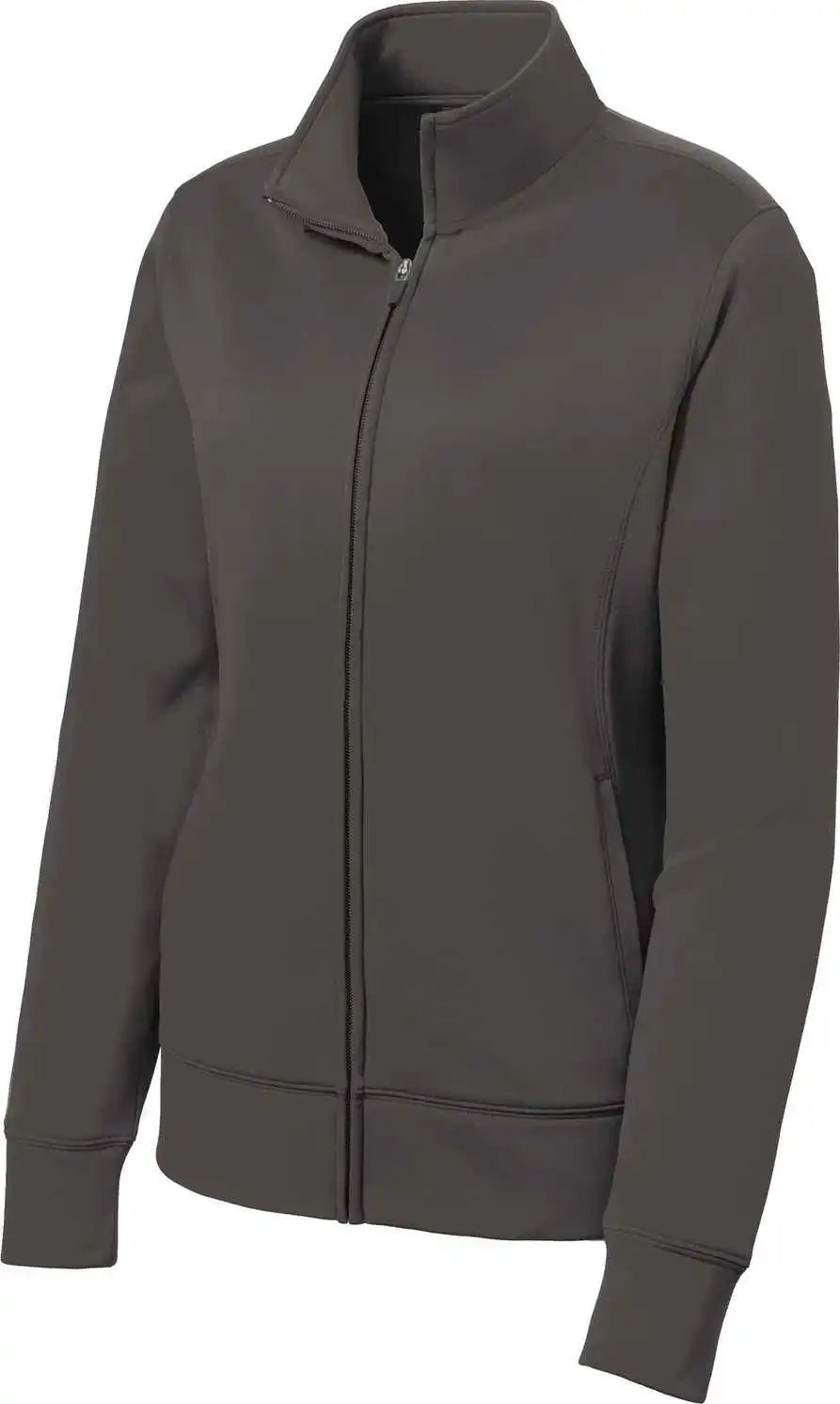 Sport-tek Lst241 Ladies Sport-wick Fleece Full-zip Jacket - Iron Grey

...

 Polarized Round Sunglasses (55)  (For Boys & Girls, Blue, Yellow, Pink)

==

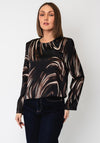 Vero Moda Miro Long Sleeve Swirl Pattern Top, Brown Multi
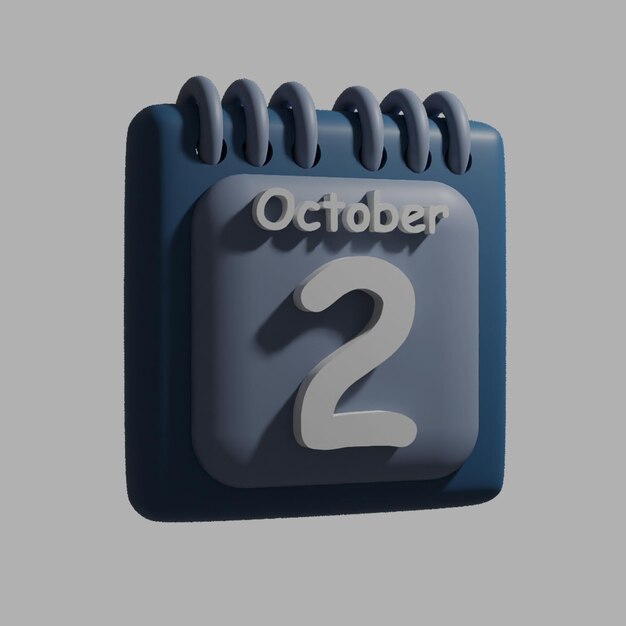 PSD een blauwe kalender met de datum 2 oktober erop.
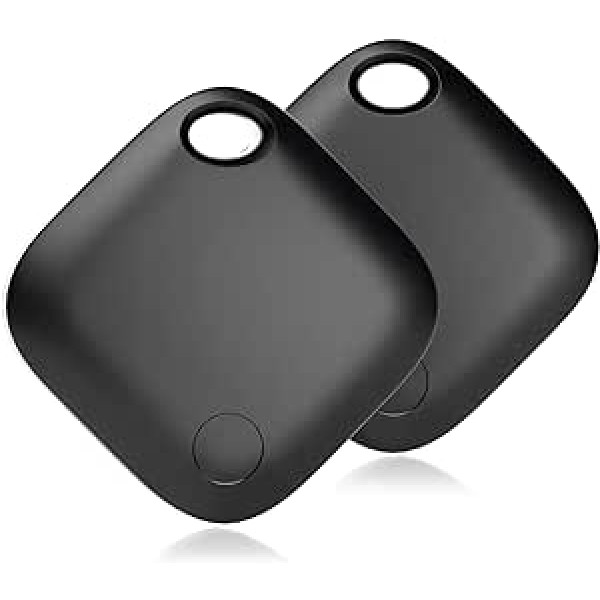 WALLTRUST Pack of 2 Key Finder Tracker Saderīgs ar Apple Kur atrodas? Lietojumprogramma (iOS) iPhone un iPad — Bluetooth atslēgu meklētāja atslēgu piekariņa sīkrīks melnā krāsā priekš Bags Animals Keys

#### [Task item]
Pictures excluded, give again exactly and only the lines of the material above from the line with "PSD een blauwe" through the line with "WALLTRUST Pack of".

#### [Response]
 PSD een blauwe kalender met de datum 2 oktober erop.
 WALLTRUST Pack of 2 Key Finder Tracker Saderīgs ar Apple Kur atrodas? Lietojumprogramma (iOS) iPhone un iPad — Bluetooth atslēgu meklētāja atslēgu piekariņa sīkrīks melnā krāsā priekš Bags Animals Keys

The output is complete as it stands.